What the task requires |
Using the data below, reproduce exactly the lines from the line with "Birmingham to Framed" to the line with "Black Friday sale", both included; pictures must be dropped.

Entries provided |
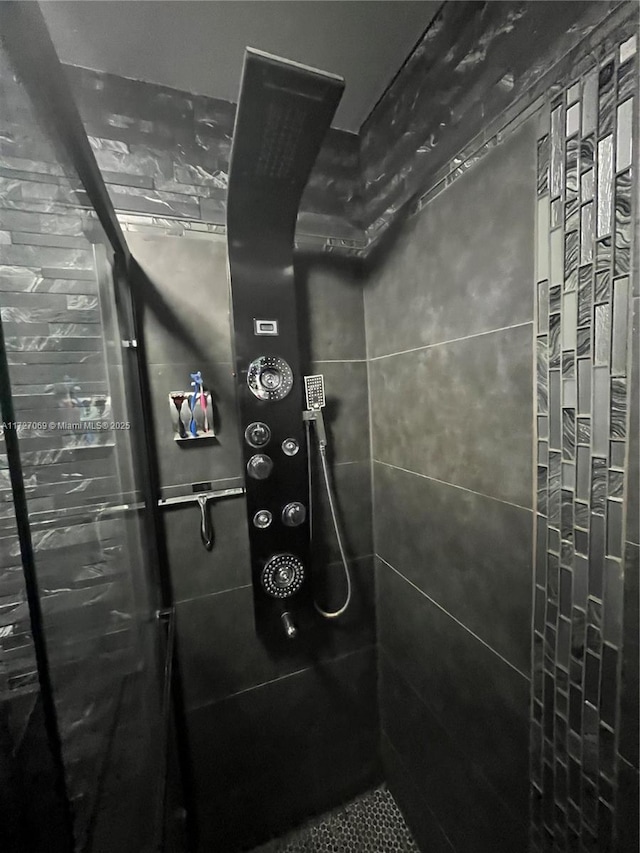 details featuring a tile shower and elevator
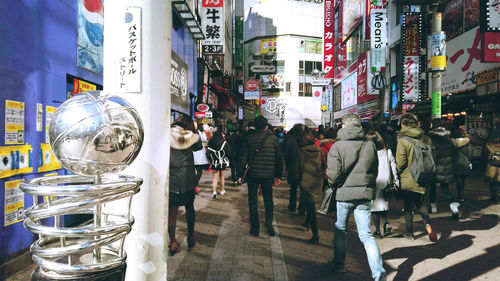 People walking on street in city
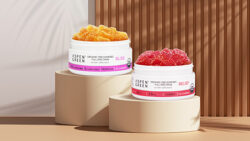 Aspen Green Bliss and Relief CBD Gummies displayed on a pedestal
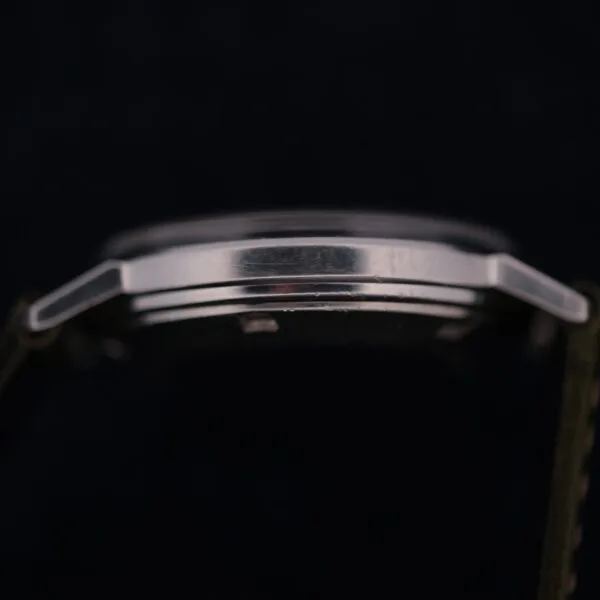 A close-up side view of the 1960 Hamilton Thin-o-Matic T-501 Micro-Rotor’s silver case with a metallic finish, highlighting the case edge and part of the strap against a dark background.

--

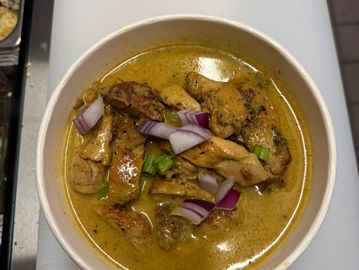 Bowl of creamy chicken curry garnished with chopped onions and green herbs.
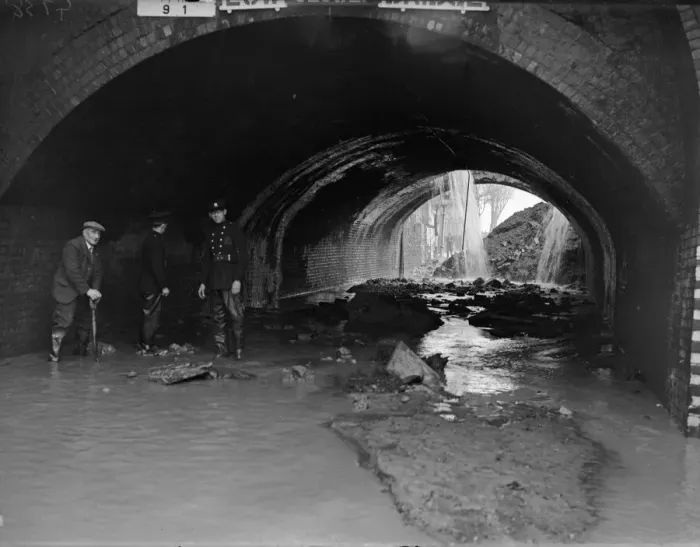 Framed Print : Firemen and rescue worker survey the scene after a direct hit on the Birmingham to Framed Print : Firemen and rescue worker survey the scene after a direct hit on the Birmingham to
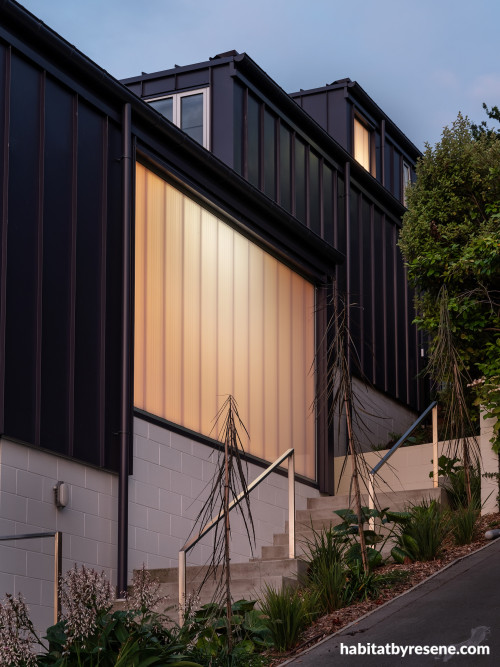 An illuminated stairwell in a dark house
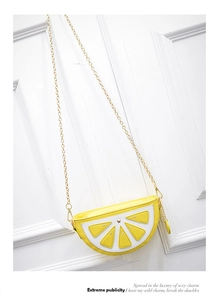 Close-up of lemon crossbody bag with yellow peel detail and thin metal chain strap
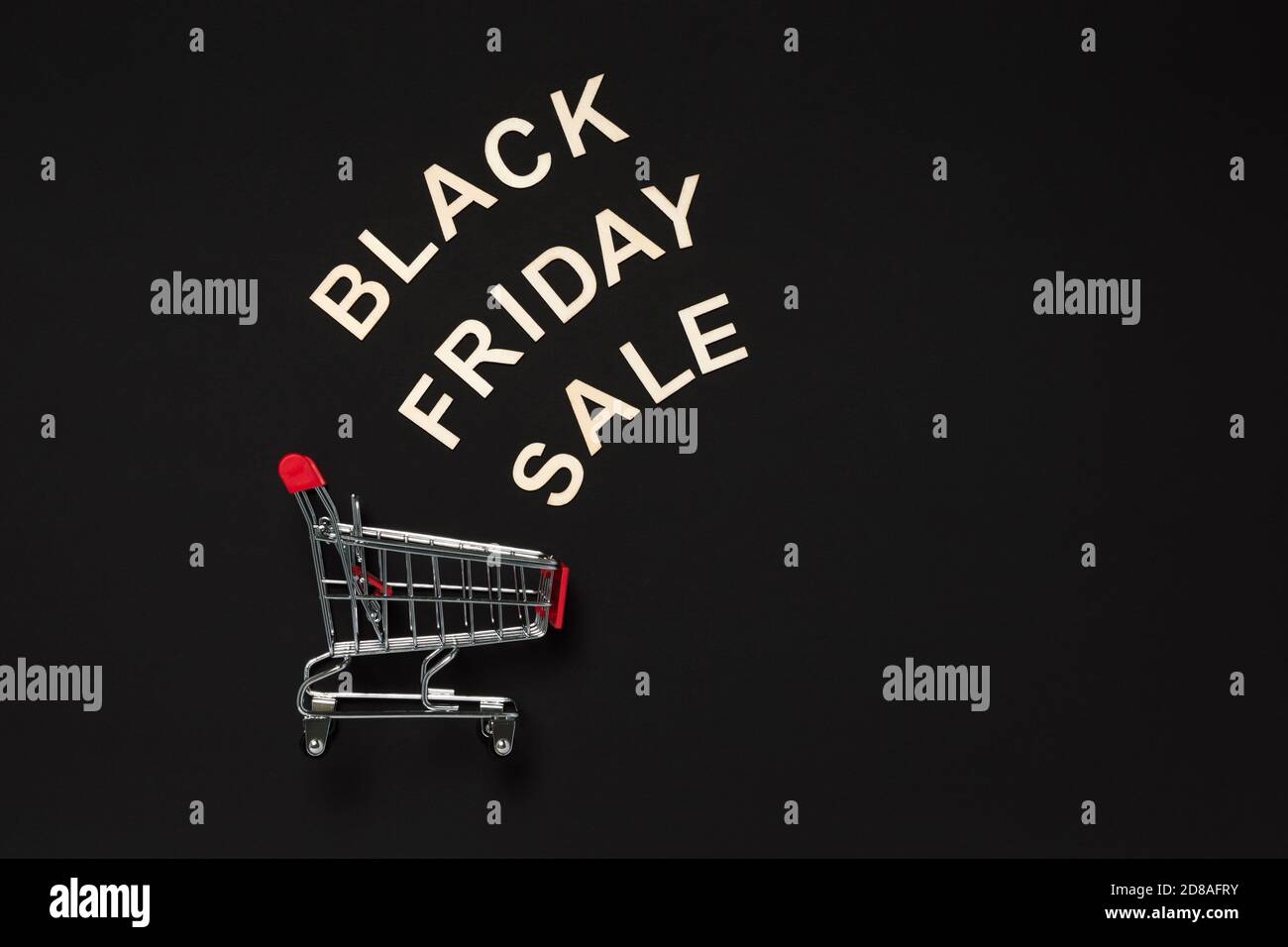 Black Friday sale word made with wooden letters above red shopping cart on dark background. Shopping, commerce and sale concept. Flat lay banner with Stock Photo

Answer |
 Framed Print : Firemen and rescue worker survey the scene after a direct hit on the Birmingham to Framed Print : Firemen and rescue worker survey the scene after a direct hit on the Birmingham to
 An illuminated stairwell in a dark house
 Close-up of lemon crossbody bag with yellow peel detail and thin metal chain strap
 Black Friday sale word made with wooden letters above red shopping cart on dark background. Shopping, commerce and sale concept. Flat lay banner with Stock Photo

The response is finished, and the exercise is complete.